Appeal from the Superior Court of the District of Columbia (M-3279-00) (Hon. Evelyn C. Queen, Trial Judge)
Before Terry, Schwelb, and Glickman, Associate Judges.
The opinion of the court was delivered by: Terry, Associate Judge
Submitted February 20, 2003
Appellant was charged with one count of possession of marijuana, in violation of D.C. Code § 33-541 (d) (1998). *fn1 He filed a pre-trial motion to suppress the marijuana which the police found in the pocket of his jacket. After an evidentiary hearing on the motion, which the court held contemporaneously with a non-jury trial, the court denied appellant's motion and found him guilty as charged. Before this court appellant contends that the trial court erred in denying his motion to suppress, arguing (1) that the police had no right to order his passenger out of the car, so that the white rock-like substance believed to be cocaine, which led to his arrest, would never have come into the officers' plain view; (2) that seeing the white rock on the floor of the car in front of the passenger seat did not give the police probable cause to arrest him, since he was the driver, not the passenger; and (3) that the search of his jacket, which yielded the marijuana, was not within the proper scope of a search incident to arrest. We reject all three arguments and affirm the conviction.
On March 18, 2000, at approximately 10:45 a.m., the police received a call "regarding suspicious subjects in a vehicle" parked on Colorado Avenue, N.W. Officer Todd Reid of the Metropolitan Police responded to the call. Upon arriving at the location given, he noticed a gray car parked in an alley near 5320 Colorado Avenue. Initially, Officer Reid saw only the passenger, later identified as Anthony Smith, but as he approached the car from the passenger side, he also noticed appellant in the driver's seat. At the same time, he saw Smith move "from a sit-back position to a leaning forward position" and concluded "that maybe he was talking to someone." Officer Reid then peered inside the car through the passenger side window and saw, in plain view, that the ignition had been "punched." The officer testified th at he also noticed a screwdriver "in the front passenger area, I think it w as on the floor."
Suspecting that the vehicle had been stolen, Officer Reid asked appellant and Smith to identify themselves and to explain why they were parked in the alley. *fn2 Smith said that his identification was in his pocket. Appellant's response was that he and Smith had been drinking at a nightclub the night before and "were just trying to sleep it off." Appellant also told Officer Reid that his identification was in the trunk and asked if he could retrieve it. Officer Reid "told him no, because I was by myself," and directed both occupants to keep their hands where he could see them.

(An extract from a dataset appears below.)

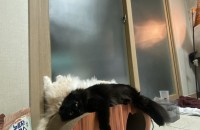 스코티쉬폴드(남) 카오스 코숏(여)분양 보냅니다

Within ten or fifteen seconds, Sergeants Sheldon Hargrove and Reginald Powell arrived on the scene. Officer Reid informed them both that he believed the car was stolen. Upon hearing this, Sergeant Hargrove approached the car on the passenger side, and when he saw the punched ignition, he asked Smith, the passenger, to get out of the car. Once Smith had alighted, Sergeant Hargrove saw in plain view, on the floor in front of the passenger seat, a white rock-like substance which appeared to be crack cocaine. Hargrove asked Smith to move to the rear of the car, picked up the white rock, and told Sergeant Powell to place Smith under arrest.

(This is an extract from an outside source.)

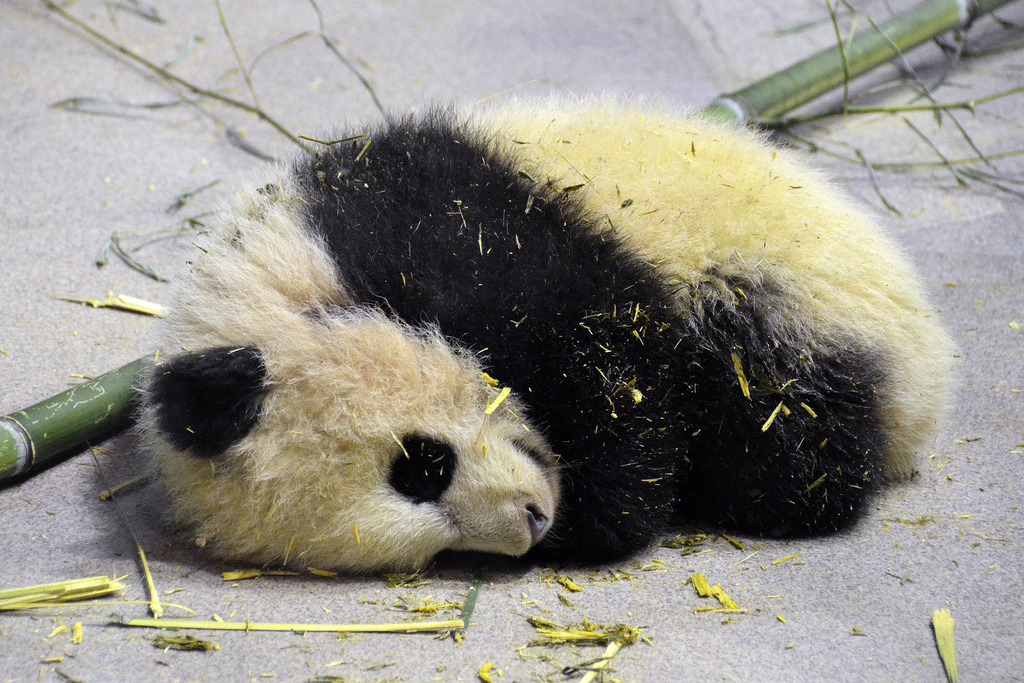 giantpandaphotos:  Bao Bao at the National Zoo in Washington D.C. on January 12,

Sergeant Hargrove then walked around to the driver's side and ordered appellant to get out of the car. As he stepped out, appellant removed his jacket and asked if he could put it in the trunk, to which Sergeant Hargrove replied, "Just set the jacket down." Appellant placed his jacket on the roof of the car, and was then taken to the rea r of the car, where Smith was already being held. As Officer Reid searched the interior of the car for additional drugs, Sergeant Hargrove moved toward appellant and at the same time picked up appellant's jacket from the roof. Upon reaching into the pocket of the jacket, he discovered a plastic bag containing a "green weed substance" which appeared to be marijuana. Appellant was then placed under arrest and handcuffed. Preliminary field tests indicated that the white rock was cocaine and that the "green weed substance" was marijuana. *fn3
After the officers had made sure that "the scene was secure [and their] safety wasn't compromised," Officer Reid called his precinct on the police radio and reported the car's license number and vehicle identification number. Moments later he was informed by radio that the car had not been reported stolen.

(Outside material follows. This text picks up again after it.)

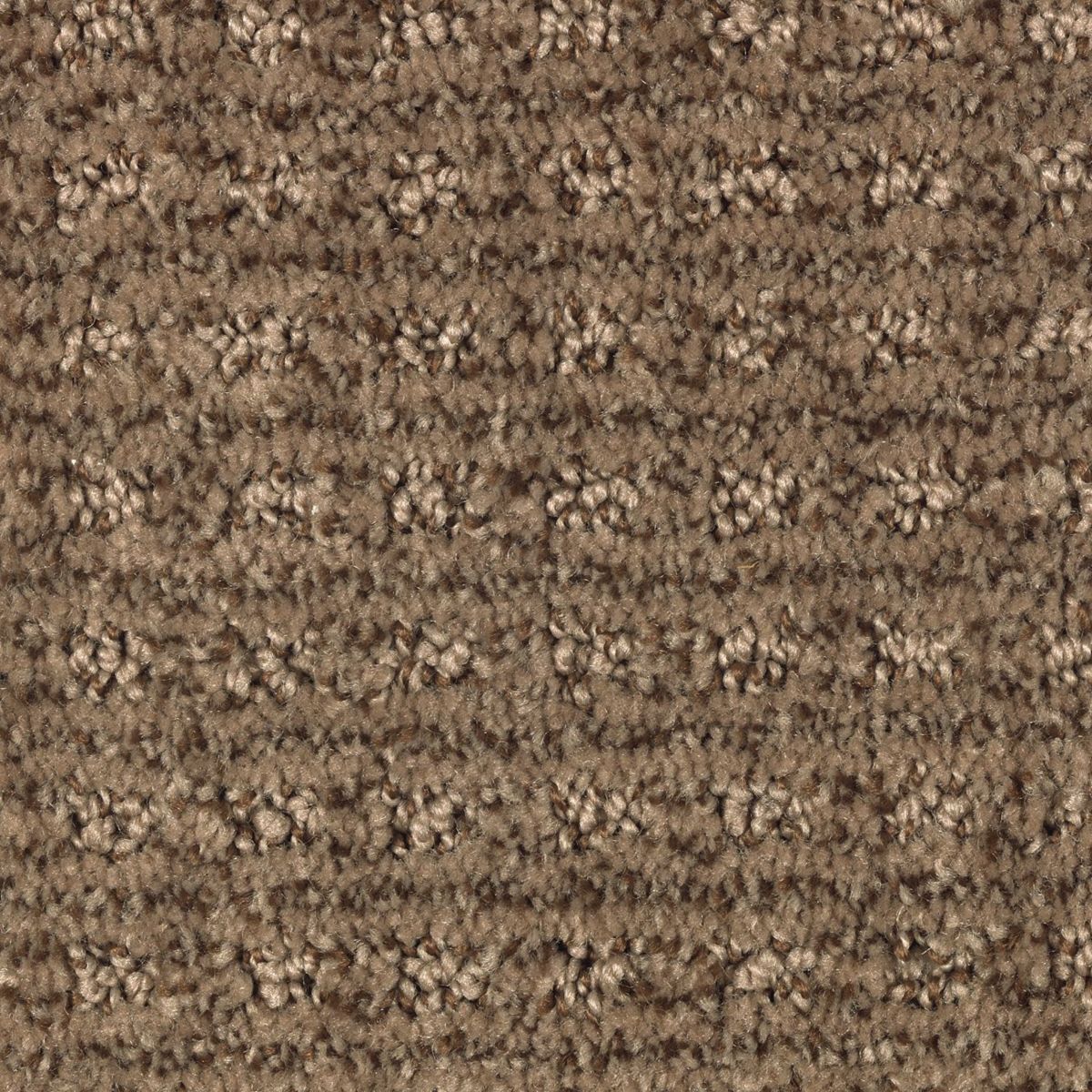 Design Solutions carpet in English Toffee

Appellant testified that his car had been stolen about eight months earlier. He explained that the ignition was punched because he did not have the money to have the car repaired after it was recovered, so he drove it by using a screwdriver to enable him to start the engine.
The court denied the motion to suppress. Noting that the punched ignition and the screwdriver were "classic indicia of a stolen car," the court held that the officers had "articulable suspicion to go further and make [an] inquiry and investigate what is going on." Moreover, that suspicion gave the officers "license . . . to secure the scene and secure their persons by placing the individuals they're dealing with in a position not to hurt them." This included the right to ask the occupants to get out of the car. After they did so, the white rock-like substance was in plain view, and when Sergeant Hargrove saw it, the police at that moment had a basis to arrest both occupants for possession of cocaine, since the law recognizes joint and constructive possession. Finally, because a full search was permissible at that point, "the inevitable discovery of that m arijuana was authorized, whether the jacket was on the defendant, [or] in the defendant's car, no matter where it was . . . ."
When reviewing the denial of a motion to suppress evidence, this court must accept the trial court's findings of fact if they are supported by the evidence, and must draw all reasonable inferences in favor of sustaining the trial court ruling. See, e.g., White v. United States, 763 A.2d 715, 719 (D.C. 2000) (citing cases). The trial court's application of the law to the facts, however, is reviewed de novo. Id. at 720 (citing ...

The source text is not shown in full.